Monday, September 05, 2011

Homes: Ottawa house 2006-present

So I thought of a new series to blog about: I’m going to write about the places I have lived in, moving from the present to as far back as I can remember.

It was September, 2006 when V and I bought the house we now live in. Five years in one place, definitely a record for my adult life.

Our house is a little, 2-bedroom brick bungalow that was built in the 1940s. It has a brick exterior, hardwood floors throughout and a basement with potential that could be realized if time and money grew on trees.

Our house is great, but what makes it even better is the neighbourhood which surrounds it. As I’ve written about before, we live in a community filled with families, a neighbourhood sprinkled with parks and bike paths and a part of town quickly becoming one of the trendiest places to live in Ottawa.

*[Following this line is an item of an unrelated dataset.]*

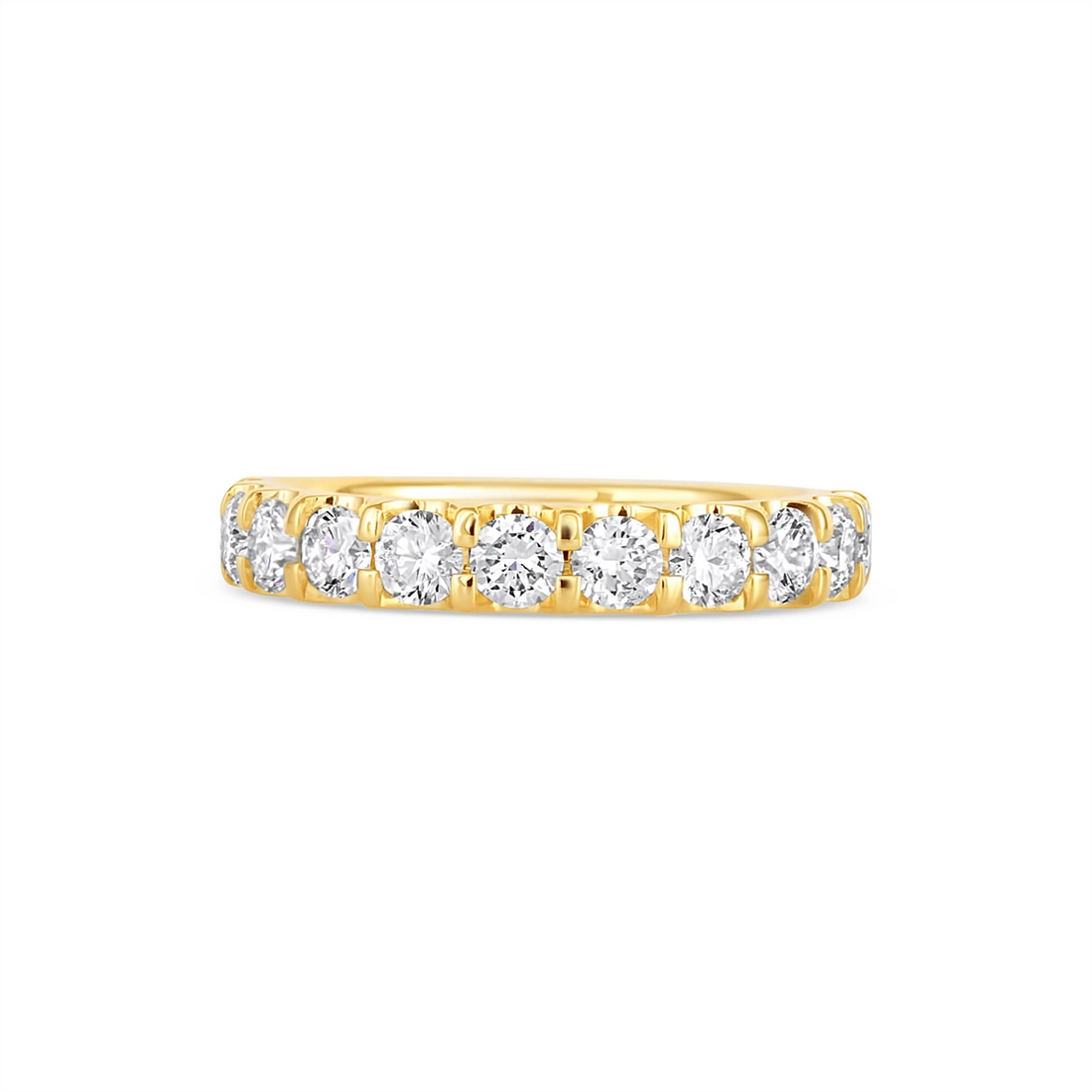 Wedding Bands Wedding Rings in Yellow Gold containing Diamond 464593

The downside of this trendiness is all the development and construction, but the upside is that we keep getting more little cafés, restaurants, bakeries and specialty shops. We can walk to do almost all our shopping and both V and I can bike to work from home (admittedly he does it much more often than I do).

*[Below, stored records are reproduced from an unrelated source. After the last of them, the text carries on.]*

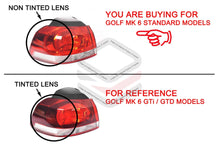 RH Right Driver Side Tail Light Lamp For VW Volkswagen Golf MK6 TSI TDI Hatch 2008-2012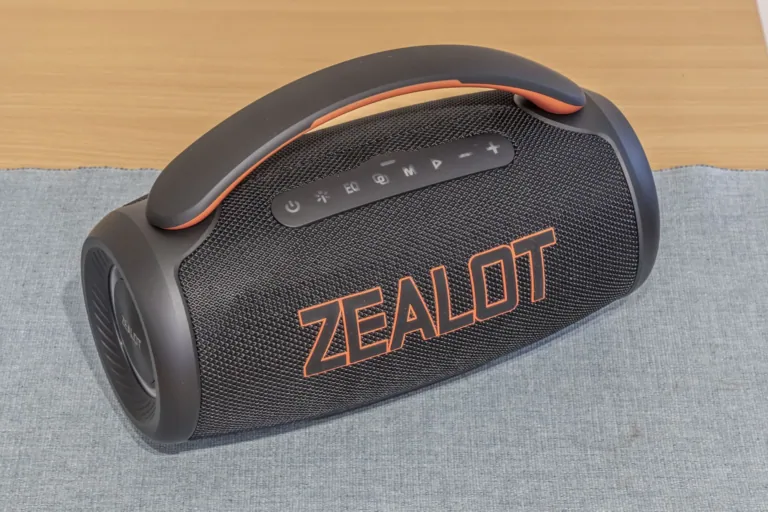 Zealot P12 Bluetooth hangszóró teszt 5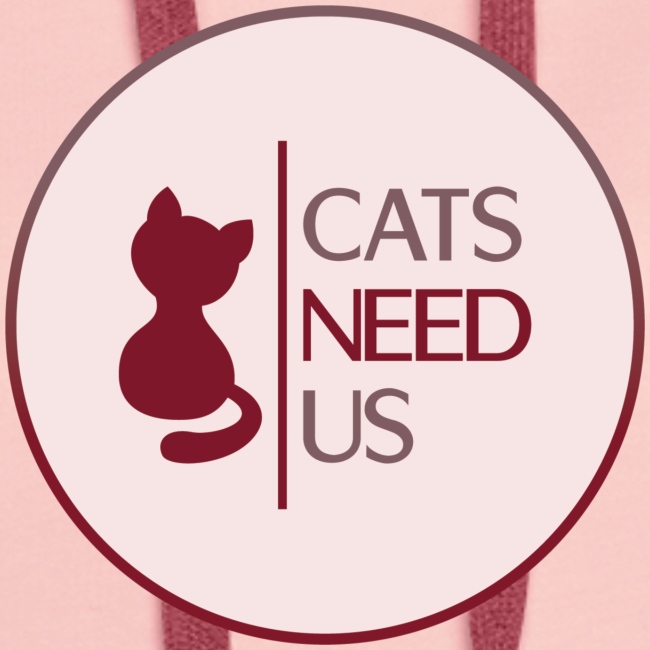 Logo Cats Need Us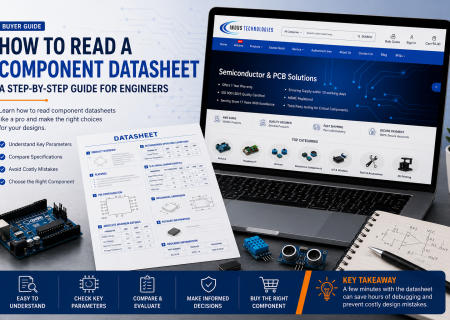 How to Read a Component Datasheet — A Step-by-Step Guide for Engineers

Having lived here now for 5 years, I definitely feel more of a sense of community and even ownership than I did with any other place I lived. I’m fighting alongside my community for public say in large-scale development projects; I’ve organized family-friendly events in local parks and schools and hung up knit-graffiti at my favourite haunts. I don’t think I’d be doing these things, at least not to the level I am, if this community and home didn’t feel increasingly like an extension of myself and my family.

We have a great back yard, a garden, a crab apple tree that we planted in the front a couple years ago. And although sometimes I wish we had some more space, or an extra room I could turn into my home office, I like the size of our house. It’s cozy and unpretentious. It’s filled with books and things we’ve collected over the years, including our memories.